Foto per informare, per far porre domande, per trasmettere emozioni.
Il World Press Photo, giunto alla sua 53a edizione, è il premio di fotogiornalismo più prestigioso e anche quest’anno la Contrasto editore pubblica in un ricco e curato volume (23×27,9 cm; pp. 160; 168 fotografie a colori e in b/n; € 24), tutte le foto premiate, suddivise in diverse categorie: Vita Quotidiana, People in the News, Spot News, General News, Natura, Storie d’attualità, Arte e spettacolo, Ritratti, Sport in primo piano e Sport in azione.
Sono immagini spesso scioccanti, come quelle catturate sui territori di guerra subito dopo un attacco, fra le macerie di una casa crollata o dopo l’esplosione di un autobomba, quasi sempre un singolo fotogramma perfetto – o talvolta una sequenza di immagini – tesa a trasmettere non un’informazione – sono tutte immagini presentate da fotoreporter professionisti – ma una vera e propria emozione, riuscendo a bucare la pagina sino a catturare chi le osserva.
Il volume reca in copertina il dovuto tributo alla foto vincitore del World Press Photo – selezionata fra le 101.960 in concorso – scattata dal fotogiornalista italiano Pietro Masturzo. E’ il 24 giugno 2009, alcune donne urlano il loro dissenso dal tetto di un edificio di Teheran a seguito delle contestatissime elezioni presidenziali in Iran che hanno decretato la schiacciante vittoria di Ahmadinejad sul candidato dell’opposizione Mir Hossein Mousavi. La televisione e i giornali ci hanno mostrato le manifestazioni sedate con la violenza dalle truppe governative ma la sera la protesta continuava, pacifica, dalle finestre, dai balconi, dalle terrazze. Si sentiva urlare Allahu akbar (Allah è grande) e Morte al dittatore, proprio come avvenne nel lontano 1979, durante quella Rivoluzione Islamica che avrebbe condotto alla caduta dello Scià.
Laureato in relazioni internazionali, Pietro Masturzo (classe ‘80) è poi divenuto fotografo professionista: «Riesco a comunicare meglio con le immagini piuttosto che con le parole. Mi interessano molto le dinamiche di guerra, non so se la fotografia possa da sola cambiare gli eventi ma è importante che la gente sappia». Dietro lo scatto che ha decretato la sua vittoria c’è volontà ma anche fatalità: «Da diverso tempo mi interessavo alla situazione iraniana e le elezioni del 2009 mi sembravano il momento perfetto per andare lì, anche se ero conscio delel difficoltà di scattare foto con sfondo politico o religioso. E difatti dopo tre giorni mi arrestarono.
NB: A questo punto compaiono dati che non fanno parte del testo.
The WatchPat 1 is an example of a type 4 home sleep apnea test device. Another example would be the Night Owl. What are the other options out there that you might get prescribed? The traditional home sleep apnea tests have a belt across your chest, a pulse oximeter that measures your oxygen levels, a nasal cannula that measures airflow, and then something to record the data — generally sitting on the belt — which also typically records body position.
Dopo il rilascio è stato tutto più difficile ma una notte ho sentito le urla delle donne e le ho immortalate, celando volutamente i loro volti». Ma l’avventura non finisce qui difatti «non riuscì a vendere quelle foto, le agenzie non le trovavano abbastanza dirette. Ma questo premio mi dà la speranza per continuare a lavorare in modo autonomo, senza divenire succube delle agenzie, è una grande possibilità al giorno d’oggi».
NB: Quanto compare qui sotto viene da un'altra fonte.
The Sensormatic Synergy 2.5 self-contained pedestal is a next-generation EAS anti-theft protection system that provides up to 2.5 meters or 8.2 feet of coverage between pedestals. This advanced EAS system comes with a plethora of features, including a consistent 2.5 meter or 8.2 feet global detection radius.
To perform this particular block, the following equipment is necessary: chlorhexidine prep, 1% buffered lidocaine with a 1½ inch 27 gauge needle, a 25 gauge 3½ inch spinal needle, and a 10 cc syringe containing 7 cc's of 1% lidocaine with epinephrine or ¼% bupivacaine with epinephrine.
Ayperi Karabuda Ecer, presidente della giuria del World Press Photo, afferma che «ogni scatto premiato regala un’emozione ma ciò avviene in special modo per le foto realizzate in scenari di guerra – costringendoci ad aprire gli occhi su altre tragedie di cui i media non si occupano. Sono anni difficili per l’informazione e gli incarichi per i fotoreporter sono in drastica diminuzione ma la selezione delle foto premiate riesce a dare un’immagine complessiva, un puzzle che non fornisce risposte, al contrario vuole far porre domande a chi le osserva».
Scorrendo il volume, fra foto di natura, d’arte e sport, è difficile non fermarsi ad osservare gli scatti in preda ad emozioni differenti, molto personali. Personalmente vi segnalo una foto di Barack Obama, scattata da Charles Ommanney (2° posto reportage), uno scatto di Saunton Sands Beach (Simon Roberts, 3° posto reportage) e la menzione speciale assegnata al fotogramma – tratto dal video non professionale – che ritrae Neda Agha-Soltan, a terra, dopo essere stata colpita al petto da un’arma da fuoco durante una manifestazione in Iran. Non a caso il giurato David Griffin ha affermato in merito: «E’ un tributo importante che evidenzia quanto i nuovi media siano un mezzo di documentazione visiva storica».
La didascalia della foto è:
“World Press Photo dell’anno 2009 – Pietro Masturzo, Italia – Dai tetti di Teheran, giugno”.